When I came downstairs this morning, there was a squirrel wrapped around the bird feeder, trying to figure out how to get to the precious sunflower seeds within. The spring-loaded feeder was doing a good job of protecting its contents, the weight of the squirrel having caused its outer sleeve to drop and close the openings. I raised the window over the kitchen sink and shooed him away, but the sleeve didn’t pop back up. Closer inspection revealed the squirrel’s determined efforts had unhooked one of the springs. I was NOT happy since this had happened once before and I remembered all-too-well how difficult it had been to reattach since the outer sleeve covered the hole where the hook resided when the spring was attached. Furthermore, I knew my feathered friends would soon be arriving for breakfast and I didn’t want them to be disappointed to find their source of food unavailable.

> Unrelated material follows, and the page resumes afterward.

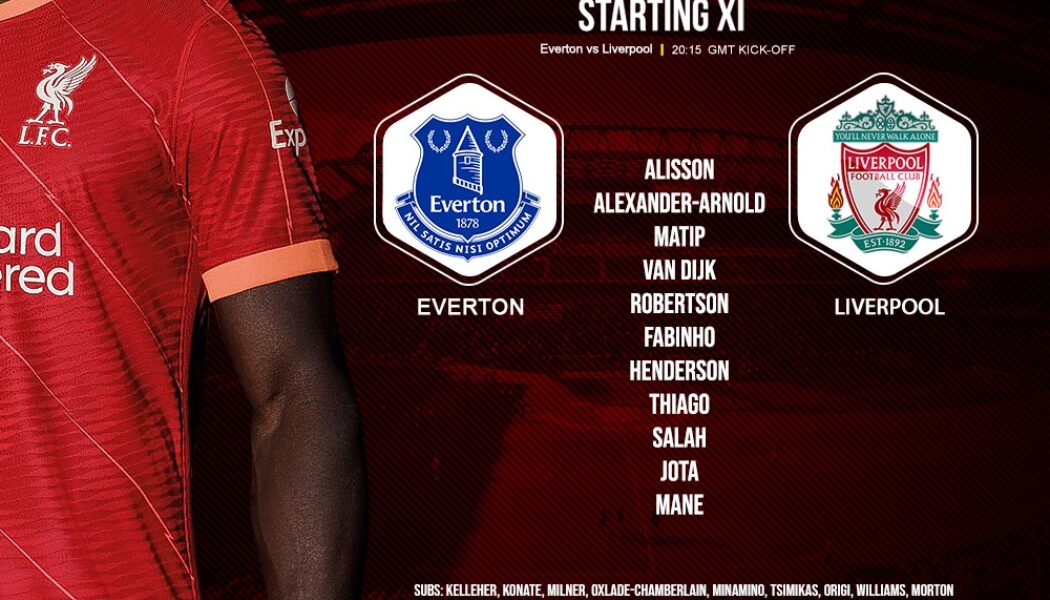 Confirmed: Liverpool team v Everton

I brought the feeder inside and began to work, discouraged that my initial efforts to reattach the spring proved unsuccessful. As I tugged and fumbled with the hook, I prayed, “Please, Lord, help me fix this! It’s so hard. The birds count on me to feed them. I don’t want them to go hungry.” And then I saw the obvious solution which I’d completely overlooked when the spring was unhooked months ago and again this morning: the hook at the other end of the spring was exposed. All I had to do was unhook it, reattach the one at the end that was covered when the outer sleeve was raised and then reattach the hook at the lower end! Within minutes I’d refilled the once-again-fully-functioning feeder, returned it to its hanger on the deck and watched happily as the birds came for their morning meal.
As I turned to making my own breakfast it hit me: Too many times when faced with a challenge or a problem to solve I launch into self-initiated, self-sustained efforts that often prove frustrating and futile. Yet I have a Father who’s told me to ask when I lack wisdom, when I don’t know which way to go or what the best course of action is. He’s shown me time and again that his promise to instruct me and teach me, to counsel and watch over me is trustworthy.
More and more, may we begin by coming to the One who tells us to ask . . . taking time to be still before Him instead of heading off on our own . . . confident in the assurance that He always hears us and will lead us in the way everlasting.